The library doors didn't explode this time. They swung open slowly, revealing Kaelen. But something was wrong. Kaelen's eyes weren't grey or gold. They were flat, milky white. He was standing perfectly still, his arms hanging at his sides.
"Kaelen?" Darius barked. "Report."
Kaelen didn't speak. He stepped aside, and the white-haired man, Vane, walked into the room. He looked untouched, his clothes pristine despite the c*****e outside.
"You really should vet your staff better, Blackthorn," Vane said, his voice smooth and melodic. "The Second-in-Command had so much doubt. So much fear. It was like an open door."
"Get out," Darius said, his voice a low, lethal warning.
"I'm here for the girl. The moon is almost in position." Vane looked at Lyra, and his smile made her skin crawl. "Look at her. She's already fading. You can see the grey in her skin, can't you? She's starving, Darius. And you're just a snack. I'm a feast."

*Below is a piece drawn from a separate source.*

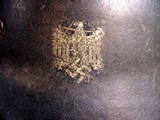 WWII German M-42 Nazi Helmet with Battle Damage & Decal - 2 of 9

"I'll kill you," Lyra said, her hand reaching for the obsidian dagger Hecate had given her.
Vane laughed. "With that? The old woman was always a romantic. That blade isn't for me, Lyra. It's for the only person who can actually stop what's coming."
He looked at Darius.
"She's going to turn, Alpha. And when she does, she'll start with you. She'll drink your soul until your heart stops, and she won't even realize she's doing it. Is that the 'love' you wanted?"
"Shut up!" Darius lunged forward, but he was too slow.
Kaelen, moving like a puppet on strings, intercepted him. The two wolves crashed into a table, sending books and glass flying. Darius was fighting with his hands, refusing to shift and risk losing his focus on Lyra, but Kaelen was fighting with a mindless, supernatural strength.
Vane walked toward Lyra.
"Don't touch her!" Darius roared, pinned to the floor by his own friend.
Lyra backed away, her hand hitting the cold glass of the window. The black veins flared, itching, burning, screaming for release. Kill him, the voice whispered. End him. Eat.
"No," Lyra gasped, clutching her head.
"Fight it all you want," Vane said, stopping a few feet away. He held out his hand. "But the moon is a hungry god, Lyra. And it's time to pay the price for the power you've stolen."
Outside, the clouds parted.
The light that hit the room wasn't white. It was a deep, bloody crimson. It hit Lyra like a physical weight, throwing her to her knees. She felt her ribcage expanding, her teeth lengthening, her skin tearing as something older and darker than a wolf began to claw its way out of her throat.
"Lyra!" Darius screamed.
She looked at him, and for a second, her eyes were still hers. "Darius... help me..."
Then the black swallowed everything.
Vane grabbed her hair, pulling her head back. He didn't flinch at the darkness rolling off her. He leaned in and whispered in her ear.
"Welcome home, Queen of the Dust."
He turned to the room, his eyes glowing with a manic light. "Take the Alpha. We'll need a sacrifice to start the heart of the shadow. And who better than the mate who failed to save her?"
Kaelen dragged the semi-conscious Darius toward the door. Vane picked up the shaking, transforming Lyra as if she weighed nothing.
The library was empty. The fire in the hearth went out, leaving only the smell of ash and the faint, red glow of the moon.